Short web captions:
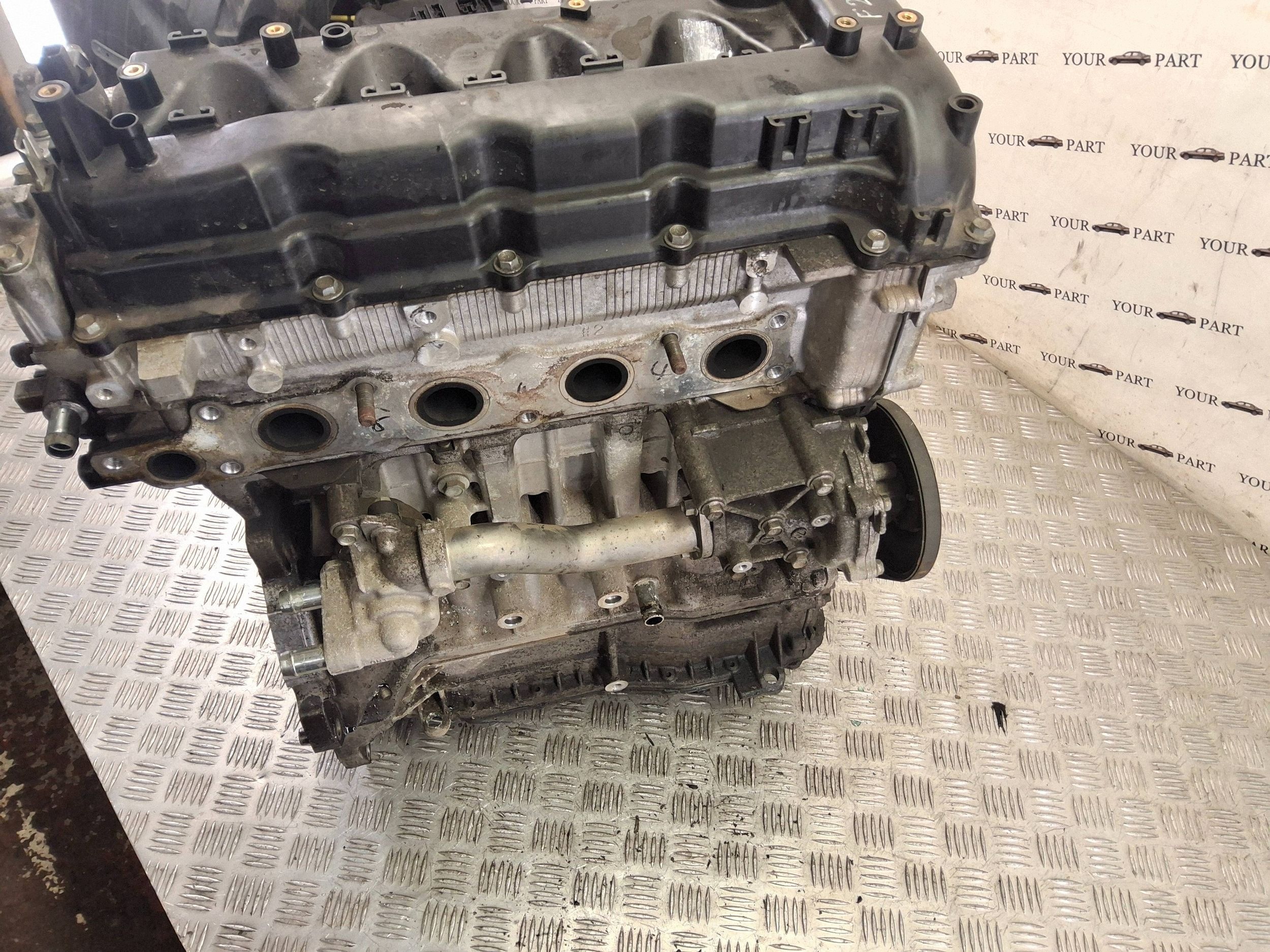 Moteur 4N13 - Image 9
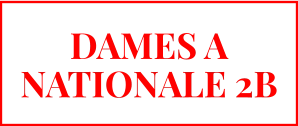 DAMES A NATIONALE 2B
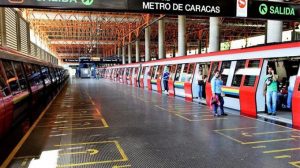 Metro de Caracas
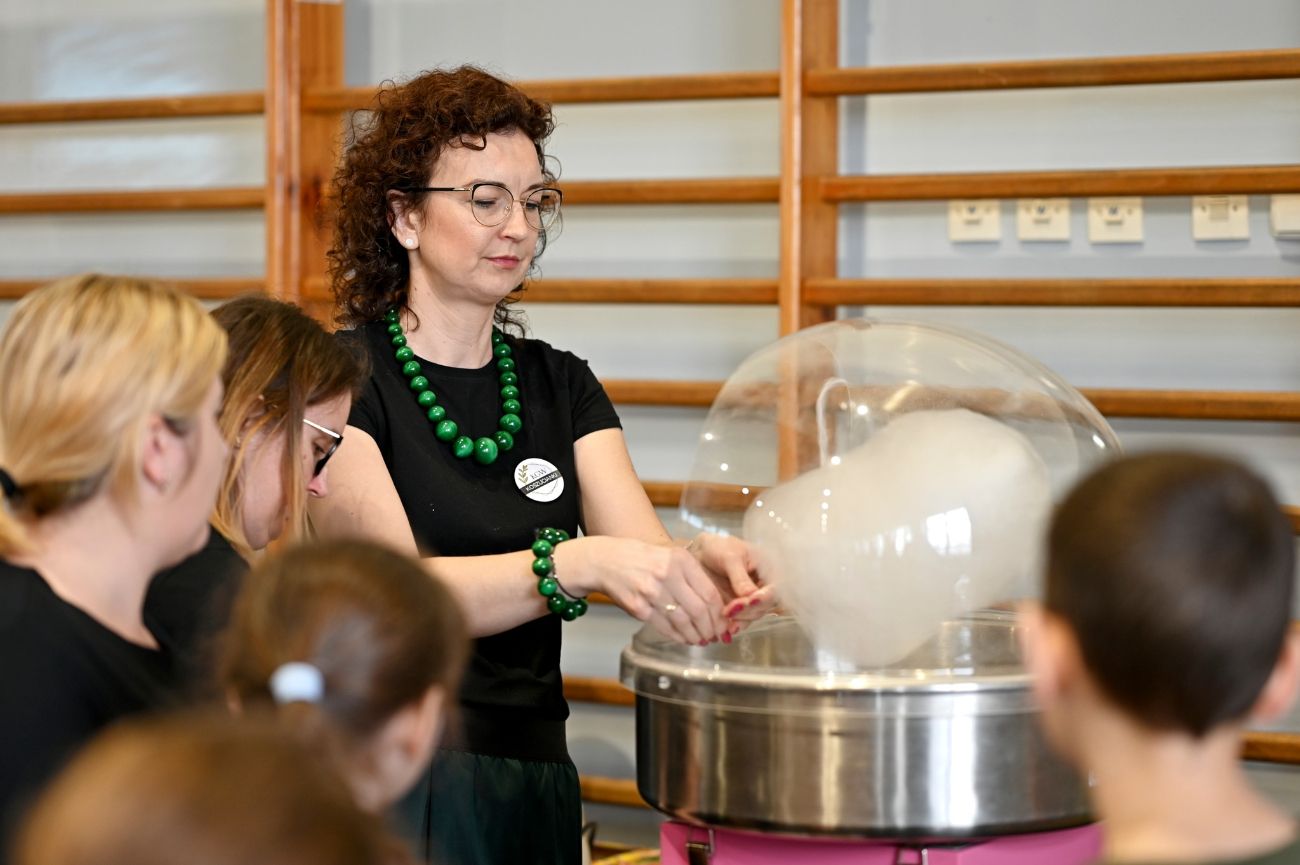 Kiermasz Wielkanocny w Koszutach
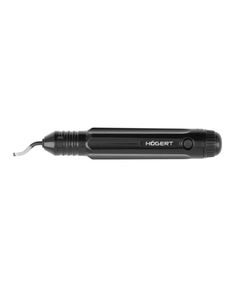 Инструмент для снятия заусенцев HOEGERT HT1P621, фото  | SNABZHENIE.com.ua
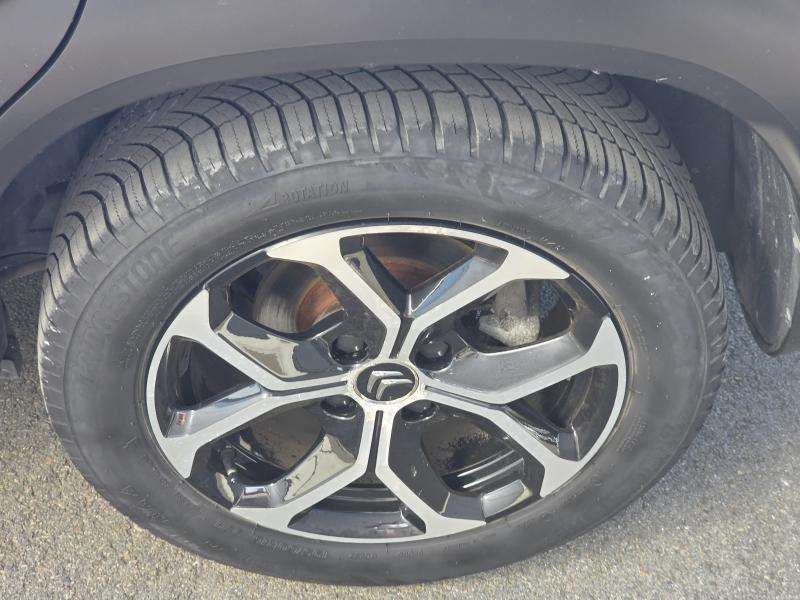 Citroen C3 Aircross /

(Exercise prompt): What is needed is every record above printed exactly, with no pictures.

(Solution to this problem):
 Moteur 4N13 - Image 9
 DAMES A NATIONALE 2B
 Metro de Caracas
 Kiermasz Wielkanocny w Koszutach
 Инструмент для снятия заусенцев HOEGERT HT1P621, фото  | SNABZHENIE.com.ua
 Citroen C3 Aircross /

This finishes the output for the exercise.